◆ TASK BRIEF ◆
Required from the data below: the exact lines starting at the line containing "BMW 1 Serie" and ending at the line containing "Sokk a nézőtéren: a", with both ends kept and all pictures dropped.

◆ RECORDS TO PROCESS ◆
::::::
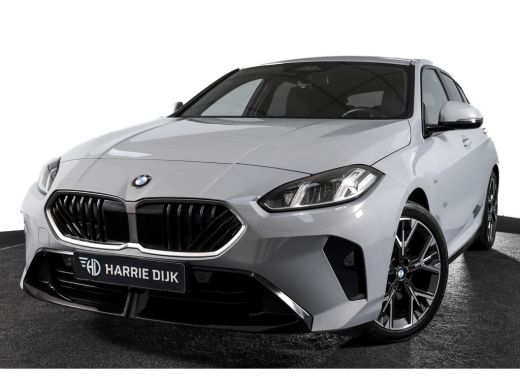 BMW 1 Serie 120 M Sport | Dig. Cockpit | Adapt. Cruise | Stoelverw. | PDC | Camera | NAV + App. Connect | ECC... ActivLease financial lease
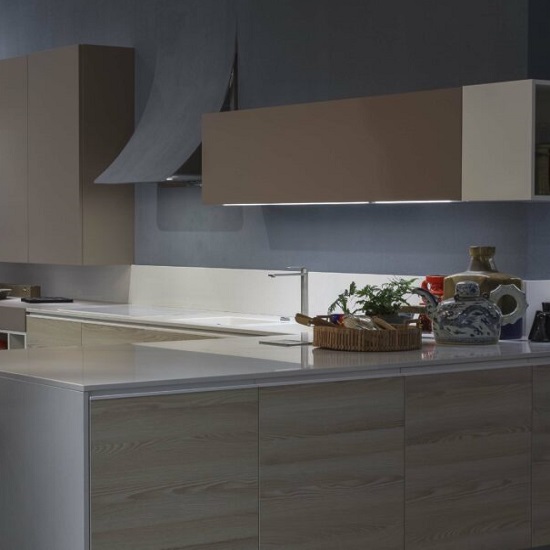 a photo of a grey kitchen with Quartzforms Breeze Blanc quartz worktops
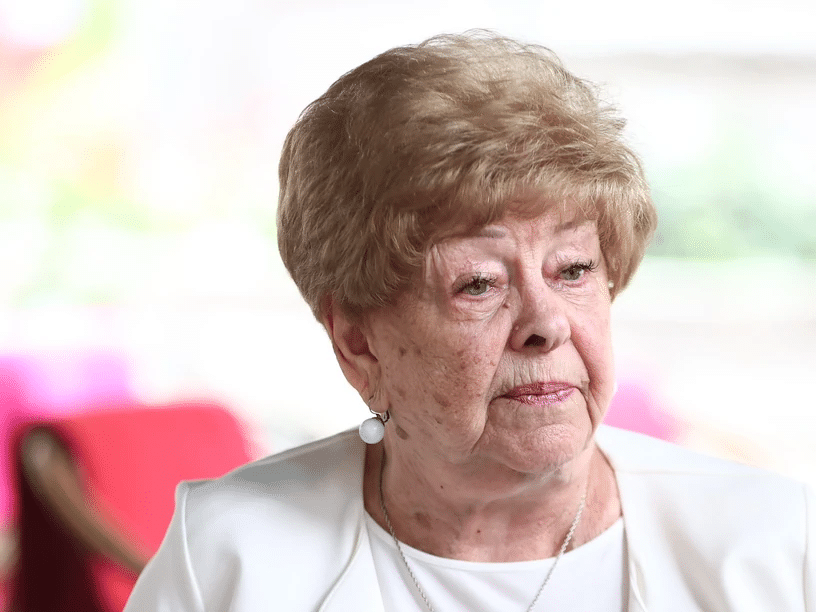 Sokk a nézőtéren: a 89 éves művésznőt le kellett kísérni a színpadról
::::::
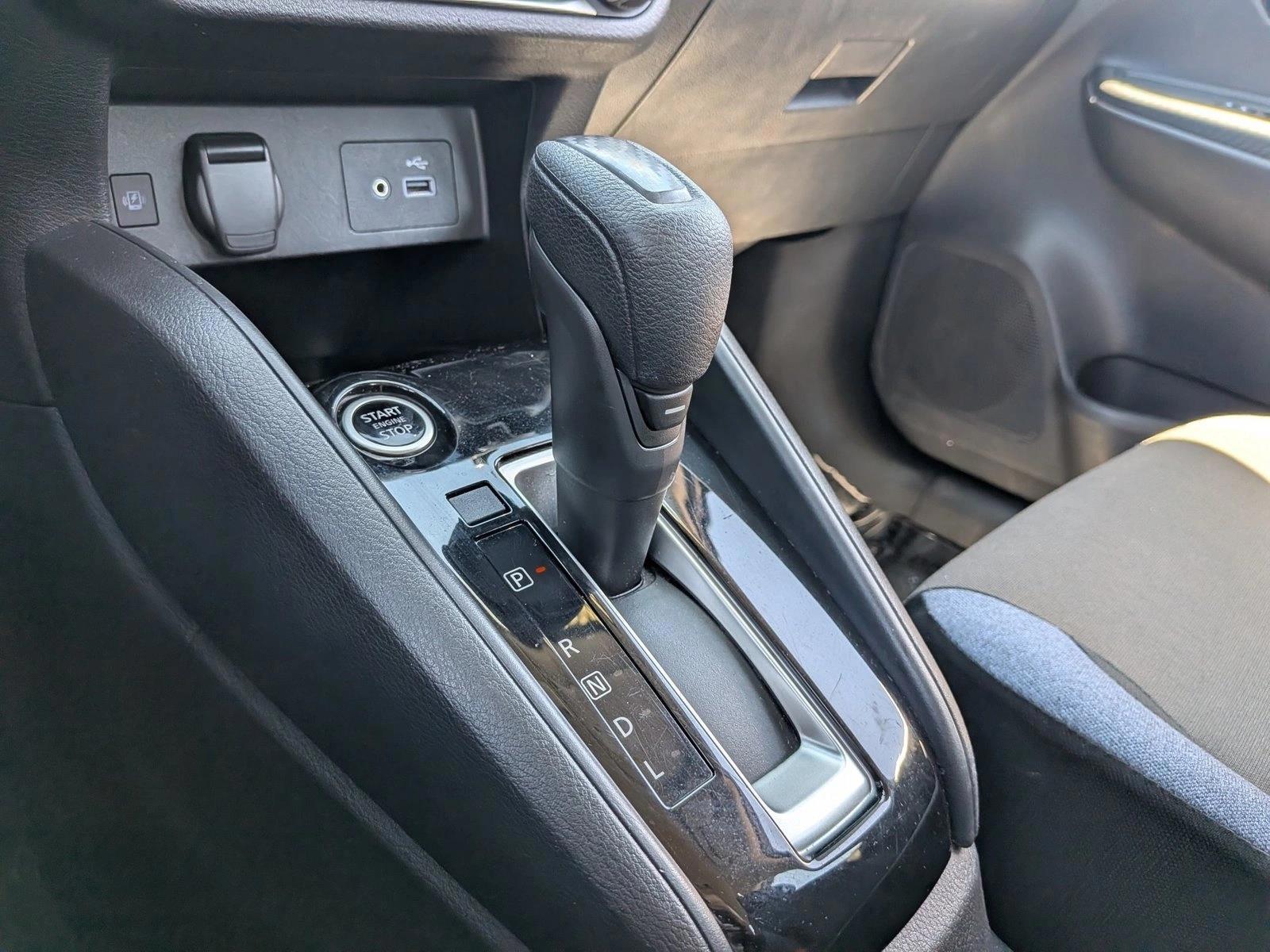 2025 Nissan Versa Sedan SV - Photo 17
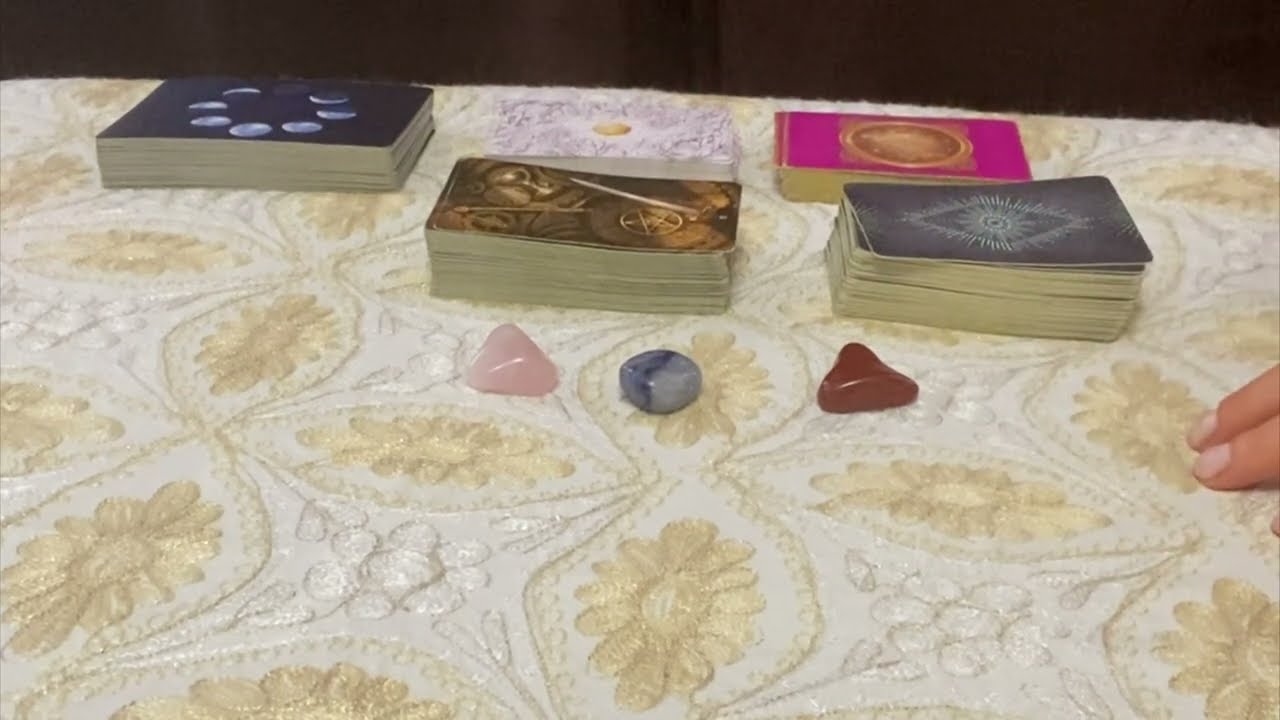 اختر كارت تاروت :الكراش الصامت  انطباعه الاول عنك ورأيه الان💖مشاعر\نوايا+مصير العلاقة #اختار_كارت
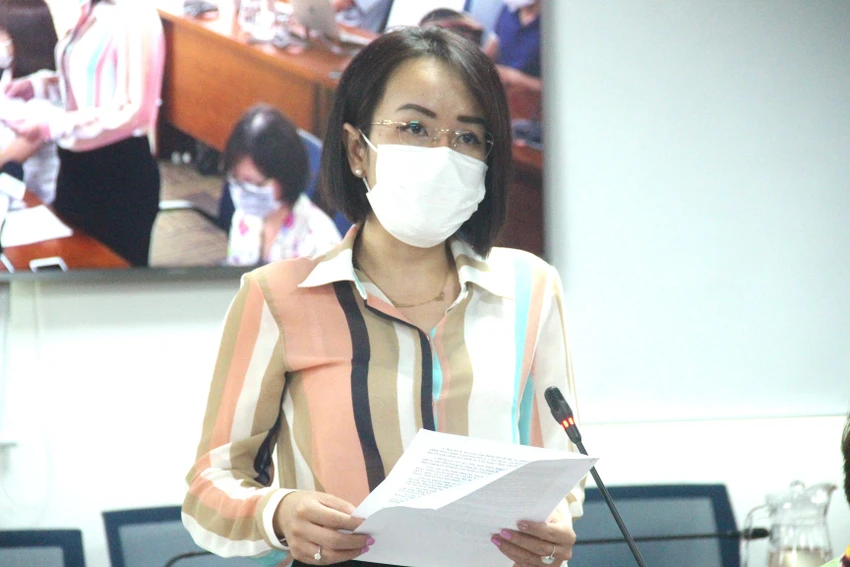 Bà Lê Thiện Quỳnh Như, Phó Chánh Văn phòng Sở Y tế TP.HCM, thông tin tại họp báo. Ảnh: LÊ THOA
::::::
◆ RESULT OF THE TASK ◆
 BMW 1 Serie 120 M Sport | Dig. Cockpit | Adapt. Cruise | Stoelverw. | PDC | Camera | NAV + App. Connect | ECC... ActivLease financial lease
 a photo of a grey kitchen with Quartzforms Breeze Blanc quartz worktops
 Sokk a nézőtéren: a 89 éves művésznőt le kellett kísérni a színpadról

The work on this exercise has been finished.